My mother reads lots of fiction written by Irish authors, set in Ireland, which falls into the ‘women’s fiction’ genre. I hate that as a label, but in any case, when I get my hands on her books, I have lots of choices of books to read by Irish authors. Having noticed that I was missing an O surname in my challenge last week, I figured an Irish surname was an easy way to fix that, so I picked ‘The Judge’s Wife’ by Ann O’Loughlin. I didn’t realise until after I had finished it that this wasn’t actually the first book by this author that I’ve read, but I wish I’d been a bit more attentive, because I didn’t enjoy the first book I read by her particularly, and I enjoyed this second one even less.
Spanning three decades, this is the moving story of three women and how one great love changed their lives forever.
With her whole life ahead of her, beautiful young Grace’s world changes forever when she’s married off to a much older judge. Soon, feeling lonely and neglected, Grace meets and falls in love with an Indian doctor, Vikram. He’s charming, thoughtful and kind, everything her husband is not.
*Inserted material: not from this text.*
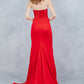 Strapless Sparkle Leg Slit Dress by Cinderella Couture USA AS8443J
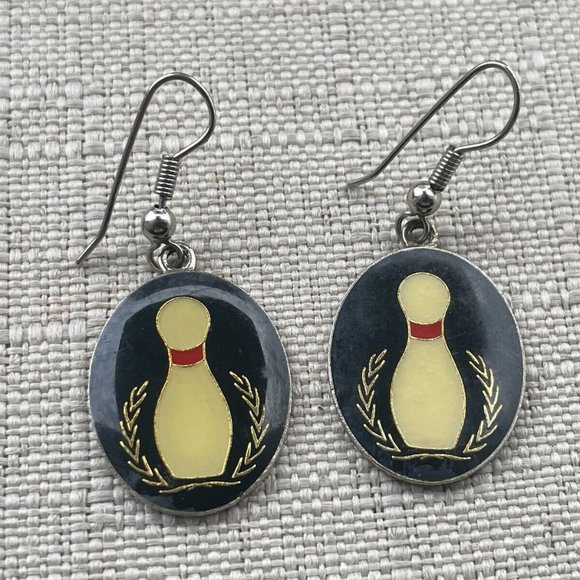 Keepsake Awards Bowling Earring Women Ear Fashion Sport Jewelry Earrings - Picture 1 of 10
But this is the 1950s and when she becomes pregnant, the potential scandal must be harshly dealt with to avoid ruin.
As soon as she has given birth, Grace is sent to an asylum by the judge and a conniving aunt. Vikram is told that Grace died in childbirth and returns, heartbroken, to India. But it’s not the end of the story. Thirty years later, with the judge dead, his estranged daughter Emma returns home, full of anger and resentment. There she finds Grace’s diaries and begins to uncover a mystery about her mother that she had never suspected. Meanwhile, in India, Vikram is planning a long-awaited trip to Ireland with his much-loved niece, Rosa, who has heard all about Grace and her uncle’s long lost love, so that he can stand, at last, at the grave of the woman he loved.
As secrets are finally uncovered, will they be able to cope with the biggest secret of all?
So there was a lot I didn’t like about this book, actually. Firstly, the writing style felt very clunky. Every single word was written out in its entirety, including during speech, so there was no real vocal flow to reading the dialogue parts. I was on the phone to my sister the other day, giving out about this, and tried to avoid using any contractions in my speech for the rest of the conversation. I lasted two sentences. Now admittedly this book was set in the fifties and eighties, so perhaps speech was more formal then than it is now, but even still, I really did feel like the writing style detracted from immersing myself in the story.
I also wasn’t all that on board with the story. There were some admirably strong parts in it – there’s no denying that the treatment of women in the fifties in Ireland was appalling, and this book highlights that to a degree, through how the women with Grace are treated by those around them, and how their issues are viewed and the general attitude of others towards them. I was on board with that, certainly. But the actual driving force of the plot was, frankly, ridiculous. There were so many revelations that I was turning every page waiting for the next big twist to come, and rolling my eyes from about halfway through.
There are a lot of smaller, niggly things that I could have brought up to complain about with regard to the plot of this book. It actually uses a similar plot device to The Tea Planter’s Wife, which I read a few years ago. The thing is, though, The Tea Planter’s Wife just handled it much better, rather than piling reveal on reveal on reveal until my eyes hurt from rolling them so hard.
I didn’t particularly enjoy the first Ann O’Loughlin book I read, and I definitely didn’t enjoy this, the second, so I’ll have to remember her name and avoid her in future. There are much better authors out there who write historical fiction, fiction which focuses on Ireland’s appalling treatment of women, fiction about enduring love and arranged marriages, about families being split up, but, you know, they make it seem at least a little bit realistic. I will not be seeking out another O’Loughlin book in the near future!